Letter from James Broughton to Sally Dixon (9/2/1974)

JAMES BROUGHTON • 71 PARK DRIVE • SAN ANSELMO • CALIFORNIA 94960 • (415) 456-6388
Labor Day eve: 2 Sept 74
It is always so grand to hear from you, & to have your loving salutations. I wish I could spend a day with you, a whole day, every month of the year. Tomorrow I return to the grooves of academe, without much enthuse. I find it harder all the time to rehearse the whole history of the art again & again. I am a maker really, not a teacher. And here is the classroom
once more, when I have not succeeded in completing my film project, my Testament, in the swiftly passing summer. I can only hope to shape it in the odd hours of this month in time maybe to send to Ledoux. And it really is a testament, a finality, a farewell; I feel I have nothing more to say (that I can manage in cinema terms) in the medium of film. The frustrations have been overwhelming.

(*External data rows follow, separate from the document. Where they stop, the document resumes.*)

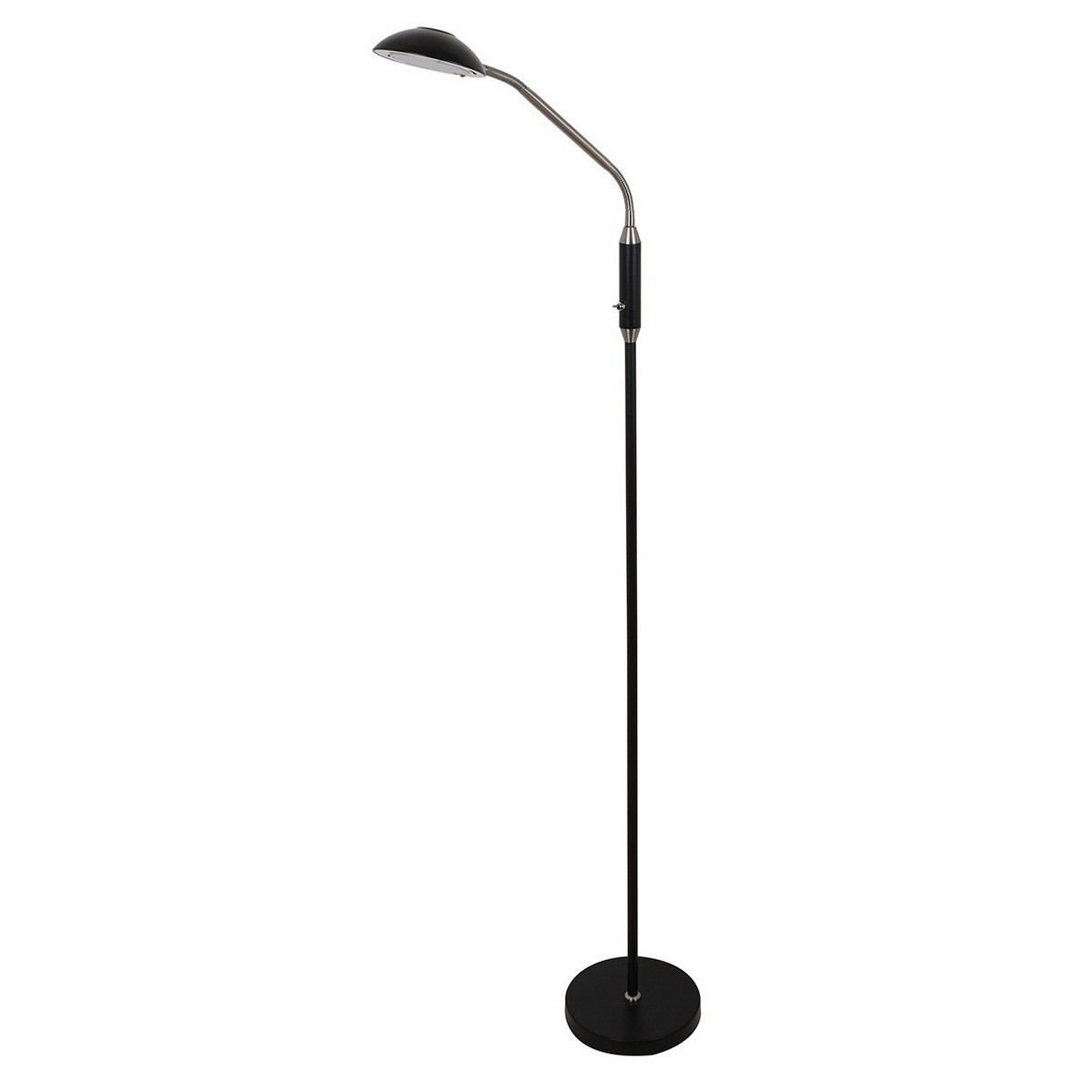 Торшер ID lamp Quanti 280/1P-LEDBlacksand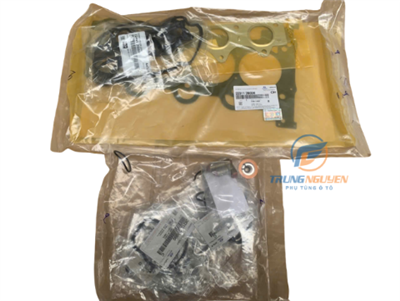 Bộ gioăng đại tu động cơ Cerato,Forte,I20,I30,Accent,Elantra,Veloster - 209102BB01,209102BJ01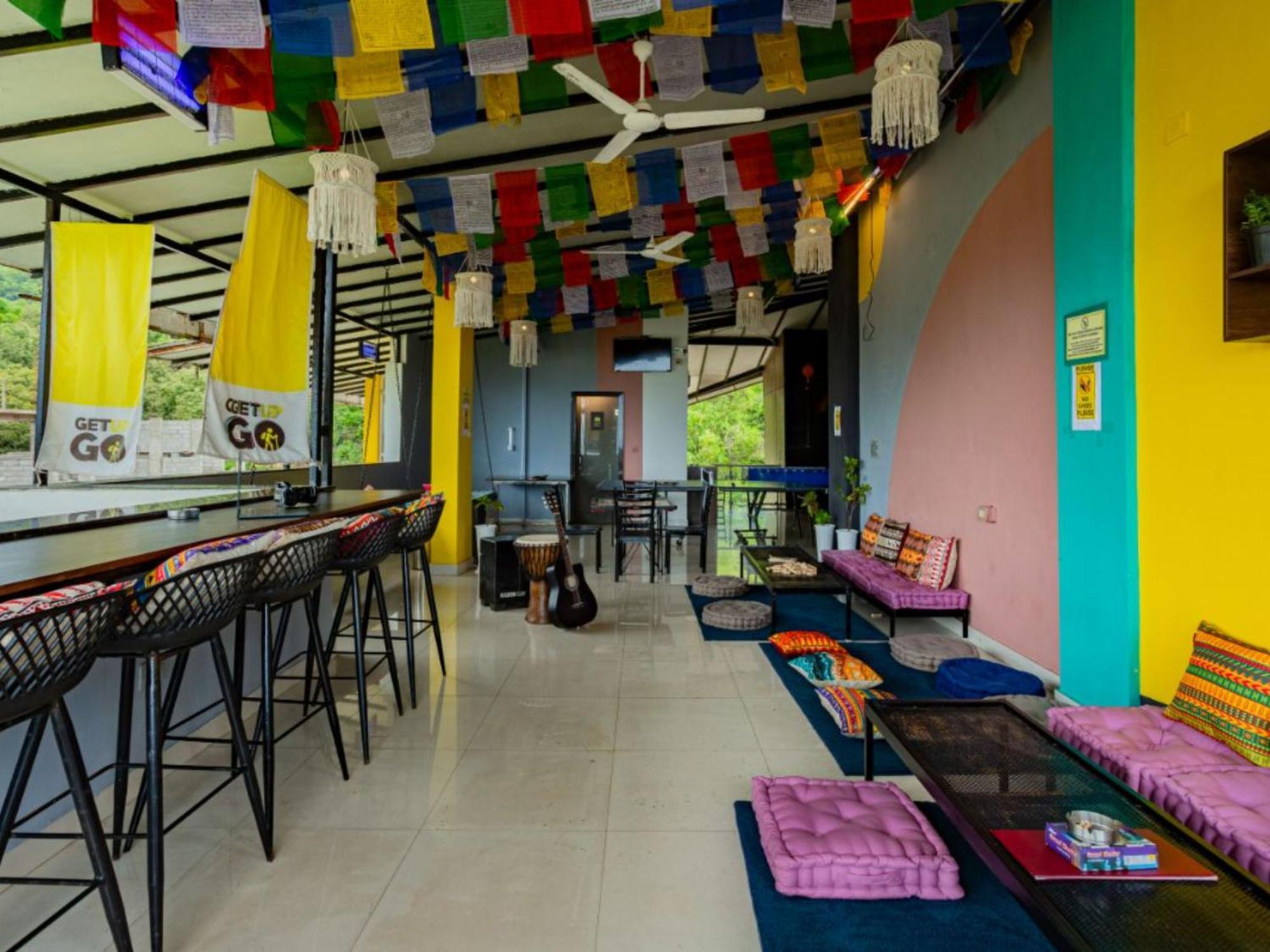 The Hosteller Gokarna ゴカルナ エクステリア 写真
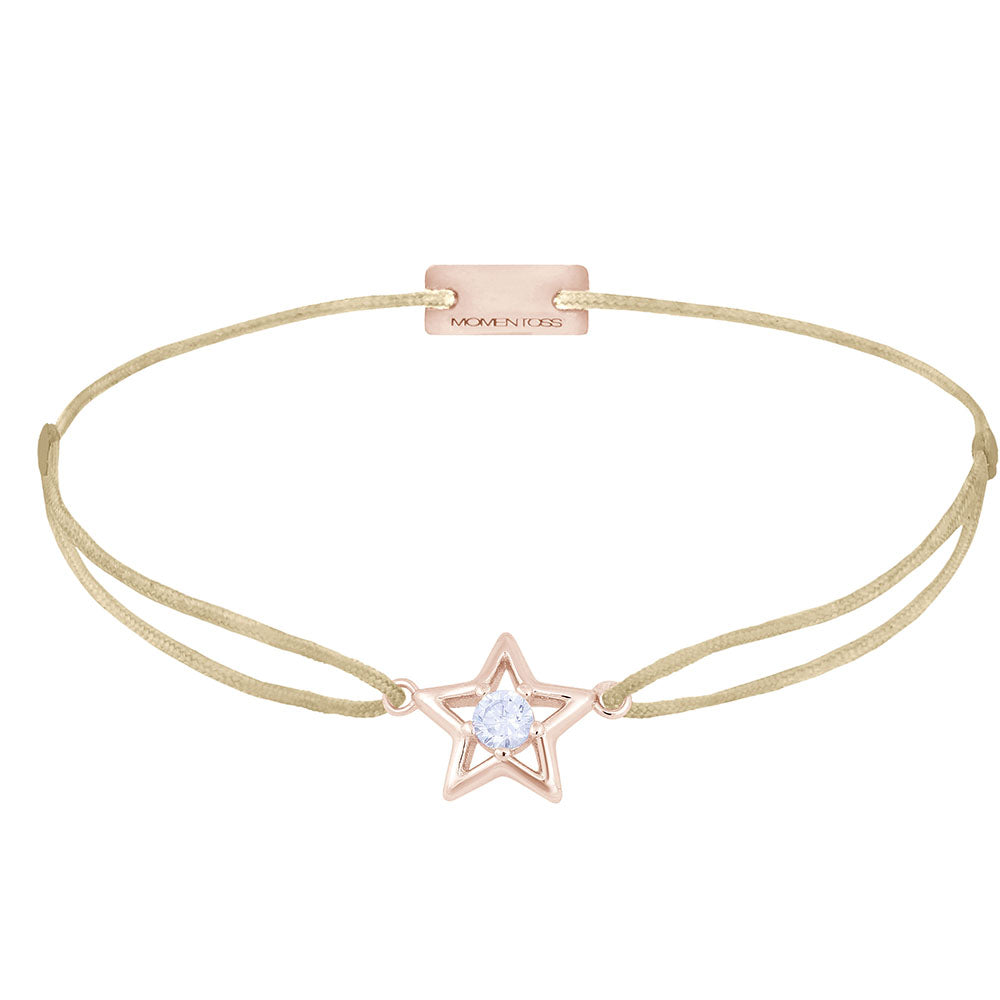 Momentoss Stern Armband 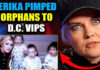 Erika Kirk Child Victim Blows Whistle: “She Pimped Us to World Leaders and VIP Pedos”
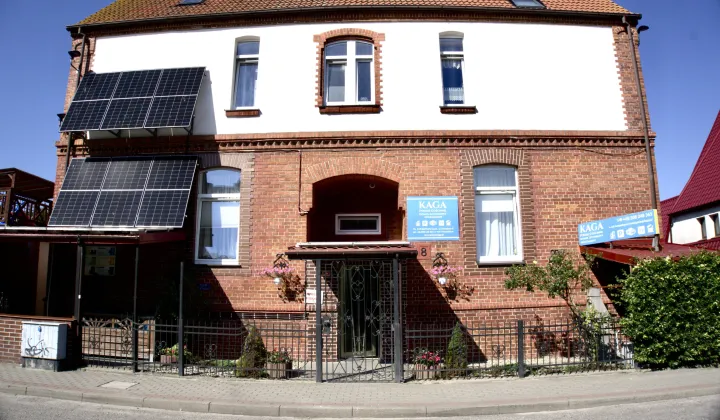 Ośrodek wczasowy Darłowo Darłówko, ul. Dorszowa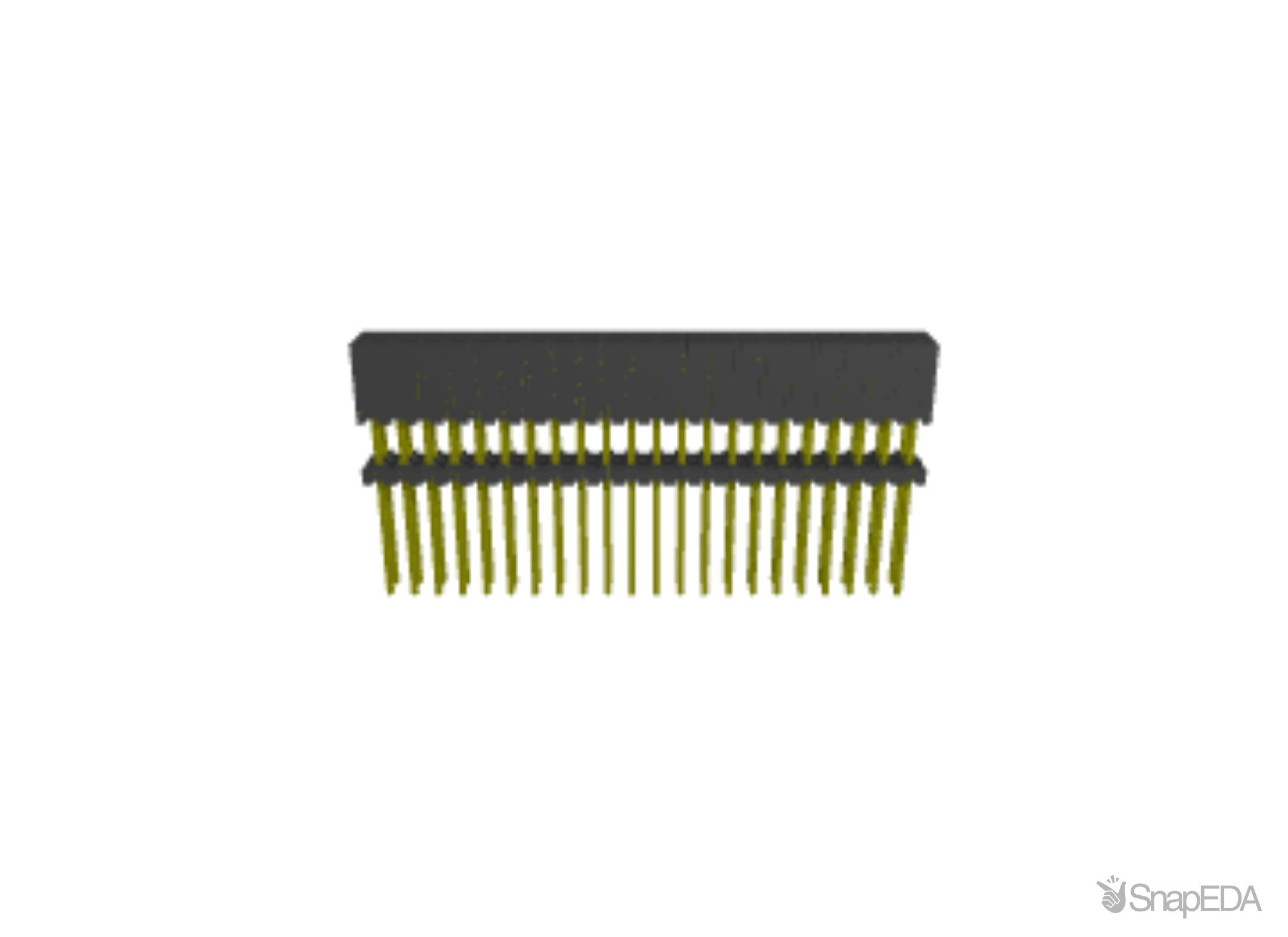 ESQT-122-02-G-D-450 3D Model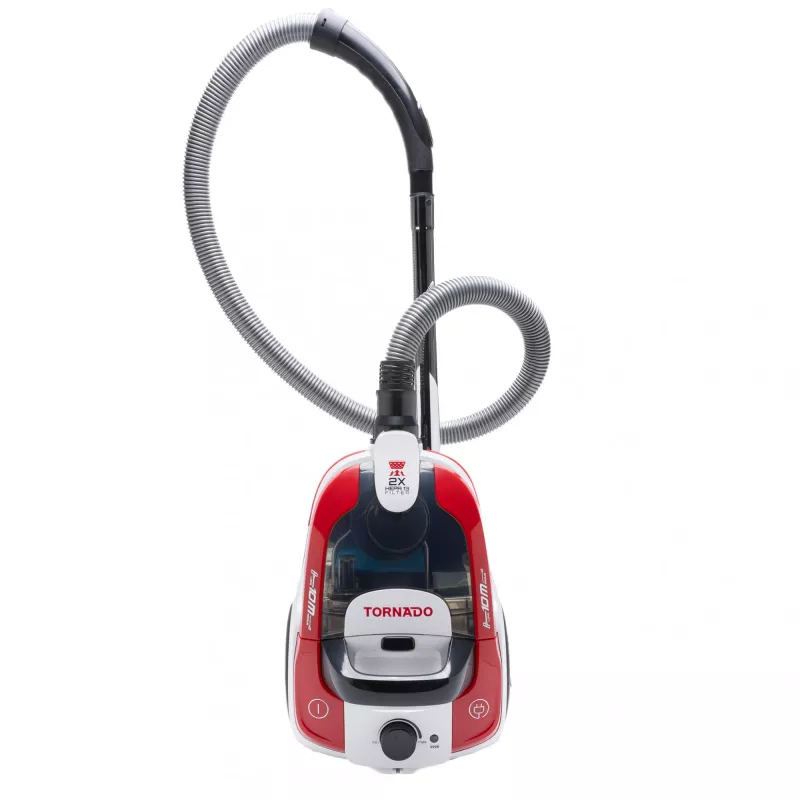 TORNADO VCCKC800RCL 800 W zakloze stofzuiger 7 m kabel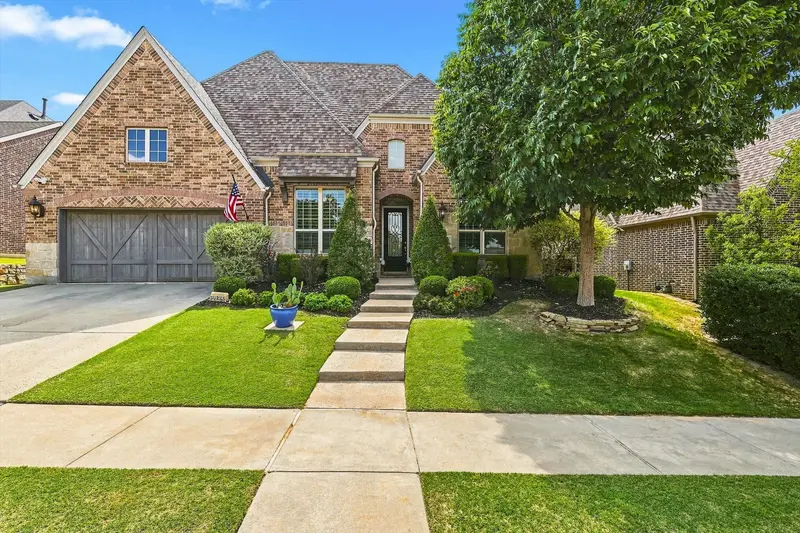 6309 Willow Ridge Trail, Flower Mound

Then there was a month that John Schofill was here with me making me into a film: what he says he is calling Portrait of the Poet as James Broughton. This was challenging, exhilarating, painful, and gratifying. I think it will be a work remarkable when he puts it together; he was able to capture me as poet in a way that I could not do in my own film. But it is, of course, his vision of me, his document; and like all his films it will be amazing' to look at. John is difficult, mathematical, relentless, abstract. But we have been through much together, and I am very touched by his submerged feeling.
Sally, I don't know what to do about the PFMA and Bob Haller's letter. I don't want to tour next spring. I don't want to teach. I want to write. That is what my soul yearns for; not filming, at this time. But I am in a bind. How can I take a semester off and still earn $1000 a month to keep my home & family?
For 6 months? Is there any grant you know of (NEA maybe?) for my writing my memoirs/confessions/history of my times and all of us being geniuses together?
Sally, you said you wanted to buy THIS IS IT when you had the funds. Did I tell you that a print for purchase is only $150?
A documentary of Sally Dixon is the best subject I can think of for a Pittsburgh project.